Before: AMBRO, PORTER and SCIRICA, Circuit Judges

(Opinion filed: September 7, 2021) _________

OPINION* _________

* This disposition is not an opinion of the full Court and pursuant to I.O.P. 5.7 does not constitute binding precedent. PER CURIAM

Before the Court are consolidated appeals from pro se appellant Karen Tucker,

who brought products-liability claims against appellee HP Inc.,1 based on allegations that

she was burned and electrically shocked by her HP laptop as a result of a defective power

cord. After summary judgment was granted in favor of Appellee, Appellant filed three

motions for reconsideration, all of which were denied. For the reasons that follow, we

will affirm.

I.

Appellant initiated this pro se action in July 2014. Protracted litigation followed,

including the District Court’s October 2016 dismissal of the case, which this Court

vacated and remanded. See Tucker v. (HP) Hewlett Packard, Inc., 689 F. App’x 133

(3d Cir. 2017) (per curiam). In October 2018, following the close of discovery, Appellee

filed a motion seeking both summary judgment and to exclude Appellant’s proffered

expert from testifying regarding his opinions. Following an April 30, 2019 hearing, the

District Court granted both requests from the bench. Judgment was entered on May 1,

2019.

On August 15, 2019, Appellant filed a motion for reconsideration, pursuant to

Rule 59(e) of the Federal Rules of Civil Procedure (hereinafter “First Motion for

1 Appellee asserts that it was incorrectly designated as Hewlett Packard, Inc. in Appellant’s filings.

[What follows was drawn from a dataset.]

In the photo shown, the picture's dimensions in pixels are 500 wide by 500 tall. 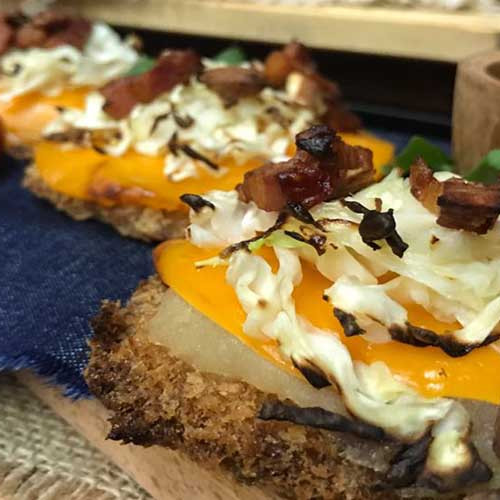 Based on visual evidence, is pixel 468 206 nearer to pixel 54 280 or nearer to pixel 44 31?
pixel 54 280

2 Reconsideration”).2 On December 31, 2019, the District Court denied it as meritless and

noted in a footnote that it was untimely. On January 13, 2020, Appellant filed a notice of

appeal. In February 2020, she filed a motion under Federal Rule of Civil Procedure 60(b)

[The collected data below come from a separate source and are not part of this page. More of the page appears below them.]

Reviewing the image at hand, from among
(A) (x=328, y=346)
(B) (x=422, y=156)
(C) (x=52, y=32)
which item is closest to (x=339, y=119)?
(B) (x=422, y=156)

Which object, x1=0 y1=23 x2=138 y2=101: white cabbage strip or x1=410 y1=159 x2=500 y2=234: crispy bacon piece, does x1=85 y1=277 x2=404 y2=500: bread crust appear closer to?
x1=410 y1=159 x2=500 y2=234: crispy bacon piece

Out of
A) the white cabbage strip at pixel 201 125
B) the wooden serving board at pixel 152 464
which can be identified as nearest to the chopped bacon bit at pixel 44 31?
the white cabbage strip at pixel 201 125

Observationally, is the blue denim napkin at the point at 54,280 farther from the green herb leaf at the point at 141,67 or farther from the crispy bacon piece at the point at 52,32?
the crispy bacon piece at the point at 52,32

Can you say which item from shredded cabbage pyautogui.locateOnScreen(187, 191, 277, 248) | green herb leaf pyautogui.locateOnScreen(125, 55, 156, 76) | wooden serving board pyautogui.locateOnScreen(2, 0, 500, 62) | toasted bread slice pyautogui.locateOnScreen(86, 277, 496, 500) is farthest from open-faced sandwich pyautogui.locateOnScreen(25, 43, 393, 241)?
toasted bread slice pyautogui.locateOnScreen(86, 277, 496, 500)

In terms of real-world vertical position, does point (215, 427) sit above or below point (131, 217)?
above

to correct, dismiss and vacate the District Court’s December 31, 2019 order denying the

First Motion for Reconsideration, arguing that the Court erred in holding that it was

untimely (hereinafter “Second Motion for Reconsideration”). On June 29, 2020, the

District Court denied the Second Motion for Reconsideration, noting that it failed to

address the Court’s denial of the First Motion for Reconsideration as meritless. On July

14, 2019, Appellant filed another motion for reconsideration, citing both Rule 59(e) and

Rule 60(b), and seeking reconsideration of the District Court’s orders denying her prior

two motions for reconsideration (hereinafter “Third Motion for Reconsideration”). On

November 9, 2020, the District Court denied the Third Motion for Reconsideration, and,

on November 20, 2020, Appellant filed another notice of appeal. In this Court, the two

appeals were consolidated, and the parties have filed briefs.

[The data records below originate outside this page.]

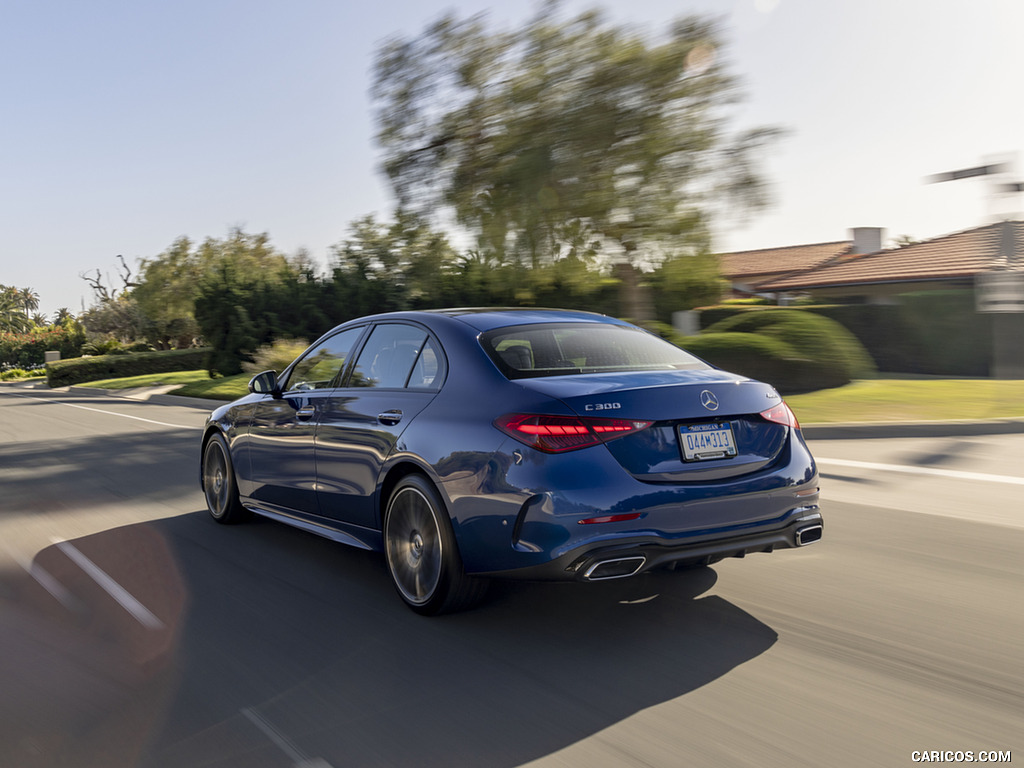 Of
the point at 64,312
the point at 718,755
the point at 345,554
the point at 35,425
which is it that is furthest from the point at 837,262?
the point at 64,312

2 After entering judgment, the District Court granted Appellant’s requests for a transcript fee waiver and an extension of time to file a motion for reconsideration, directing her to provide the Court with an email address to which the transcript could be sent when it was ready and permitting her to file a motion for reconsideration within 14 days of receiving the transcript. The transcript was docketed on May 30, 2019; however, it was not emailed to Appellant until July 30, 2019. Appellant asserts that a District Court law clerk told her on the phone that the District Court had given her an August 15, 2019 deadline to file a motion for reconsideration.

3 II.

We first consider our jurisdiction. In addition to challenging the orders denying

her three motions for reconsideration, Appellant appears to seek appellate review of the

May 1, 2019 Judgment excluding her expert from testifying and granting summary

judgment in favor of Appellee. Appellant had 30 days to appeal the May 1, 2019

judgment, see Fed. R. App. P. 4(a)(1)(A), but the January 13, 2020 notice of appeal was

filed well after the 30-day deadline. If the First Motion for Reconsideration had been

timely filed, i.e., within 28 days of the May 1, 2019 judgment, see Fed. R. Civ. P. 59(e),

she would have had 30 days from the entry of the order denying the First Motion for

Reconsideration to challenge the May 1, 2019 judgment on appeal, see Fed. R. App. P.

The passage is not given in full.